# YOUR TASK
Only the lines from the one containing "ANTIFA thug hunting" through the one containing "Kebun Pisang di" should be printed, exactly as they appear below, with both ends included.

# EXTRACTED RECORDS

*** Begin section ***

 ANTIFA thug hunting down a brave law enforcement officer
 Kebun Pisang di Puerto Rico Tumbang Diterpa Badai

*** End section ***
*** Begin section ***

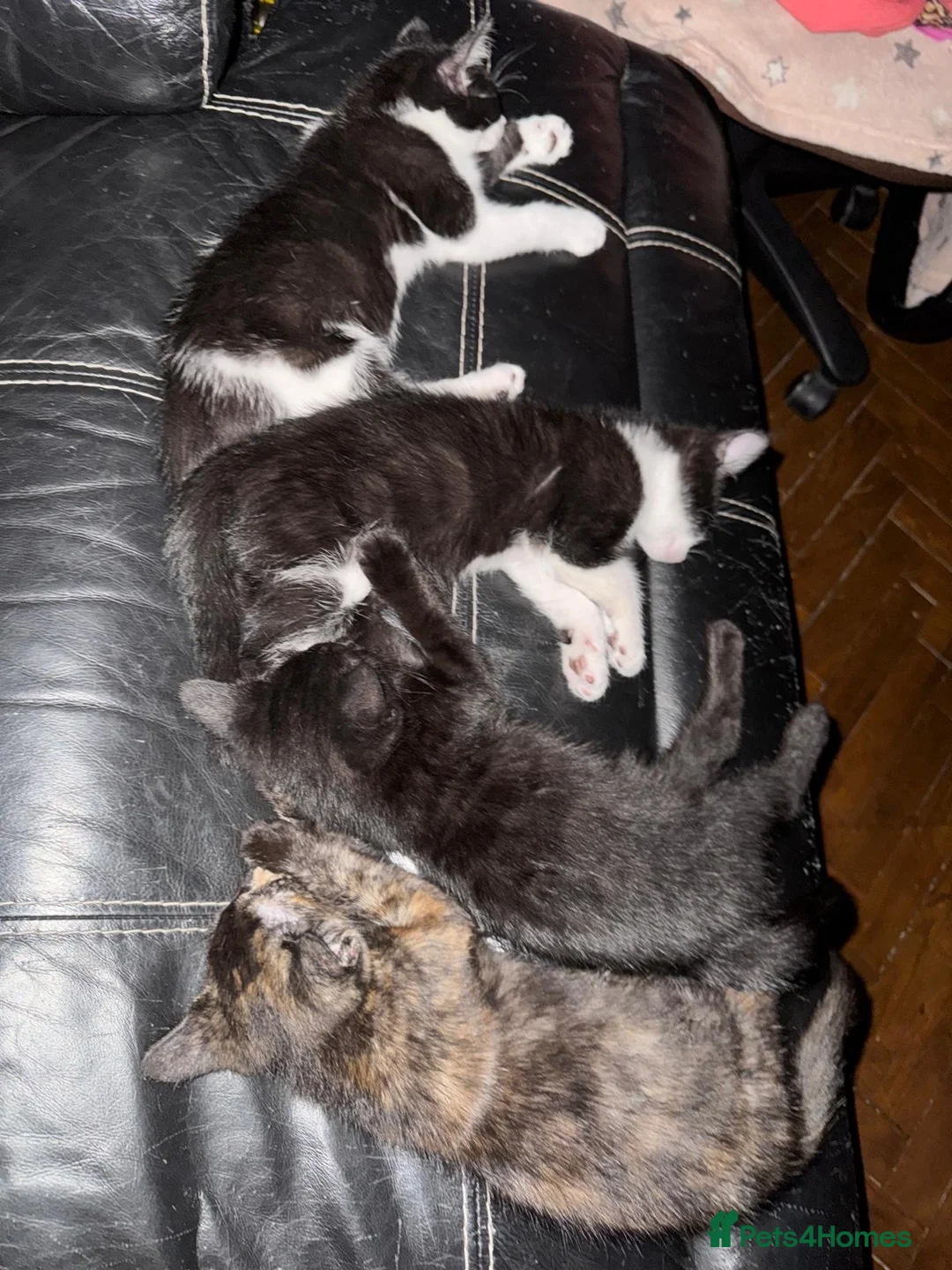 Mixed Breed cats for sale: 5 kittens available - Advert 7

*** End section ***

# REPLY TO THE TASK
 ANTIFA thug hunting down a brave law enforcement officer
 Kebun Pisang di Puerto Rico Tumbang Diterpa Badai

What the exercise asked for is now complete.